February 12-16, 2008

Ashour Takes Advantage Of Rusty Shabana

Toronto - “When the top two players meet, there is no strategy – the player who plays best wins,” said Amr Shabana, the Egyptian World Champion and World #1, who lost 3/1 to Ramy Ashour in the final of the PACE Canadian Squash Classic played at the Metro Toronto Convention Centre.

For World Champion Shabana it could have been a nightmare, losing the first two games in just 12 minutes to the World #2 Ramy Ashour from Cairo, Egypt.

The first game was a surprise as Ashour cruised effortlessly to an 11-2 victory in just over four minutes. He summed it up later: “It seemed that Shabana was not really there tonight.” 

But Shabana pulled his act together in the second game and made Ashour work for every point.  The quality of squash rose sharply and the full house was treated to the full gamut of Egyptian squash – constant attack and sublime winners.  Shabana led to 6-6 and then went ahead with two superb winners. It seem as though he now had the measure of the young pretender.
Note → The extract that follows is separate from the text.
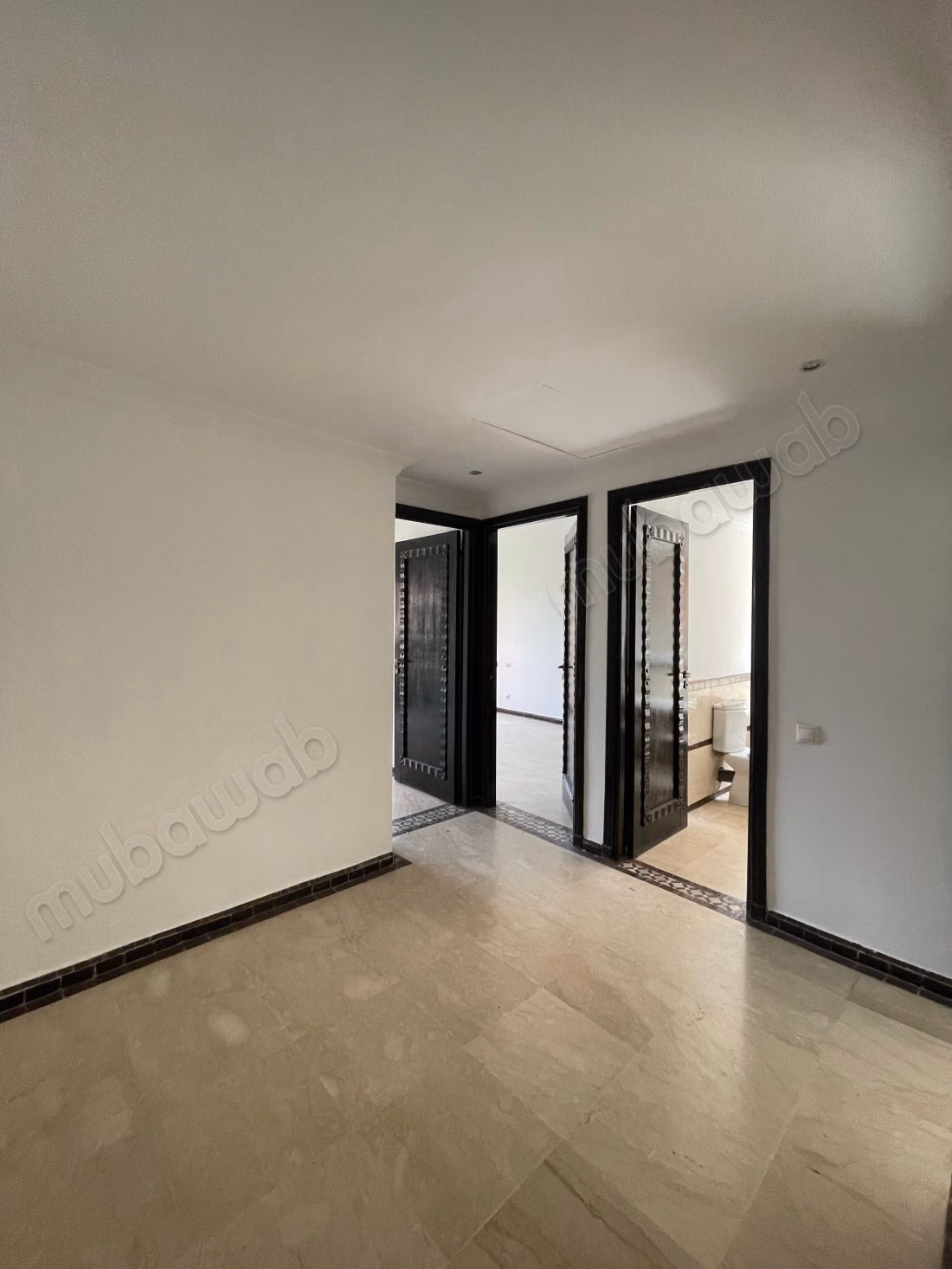 Hivernage – Apartamento Espacioso con Terraza en Residencia con Piscina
And then a dreadful string of three errors followed and Ashour had the second game with the possibility of a three game whitewash.

Shabana finally brought his total persona onto the court in the third game and took charge from the first point, moving Ashour around, hitting his signature winners with lots of cross court action. The pace was hectic and the accuracy from both players was formidable.  Shabana was now in full swing and took the third game, hinting at a full five game final.

But the let-down came in the fourth, with Shabana hitting four errors in the first six rallies. Ashour kept up his impeccable and impenetrable game to lead 10-4. The next rally ended strangely; Shabana had given up and was ready to shake hands, but Ashour hit the tin. Shabana managed a couple of more points, contested a wonderfully creative rally before putting the ball into the tin to end it all in favour of Ashour, whose name will be added for the second time to the Canadian Classic trophy, presented by PACE Savings and Credit Union 

Shabana explained his “absence” from the match by saying he was rusty.

“That’s what happens if you have not been playing competitive squash (referring to his break due to a wrist injury after the World Team Championships in mid December). If you do not play at 110 percent against Ramy, you lose. I am just happy to be playing and to be injury free.  I didn’t know how I was going to play when I came to Toronto – lose in the first or second round – so to make the final makes me happy,” he said.

Ashour admitted that his victory was easily earned, observing that Shabana was “not really there. But I also felt in very high spirits, very confident. And when I saw that Shabana was taking a step backwards, I stepped up the court.  I stopped doing that in the third and he won it,” he said, adding that he felt he played the best tonight of the entire tournament.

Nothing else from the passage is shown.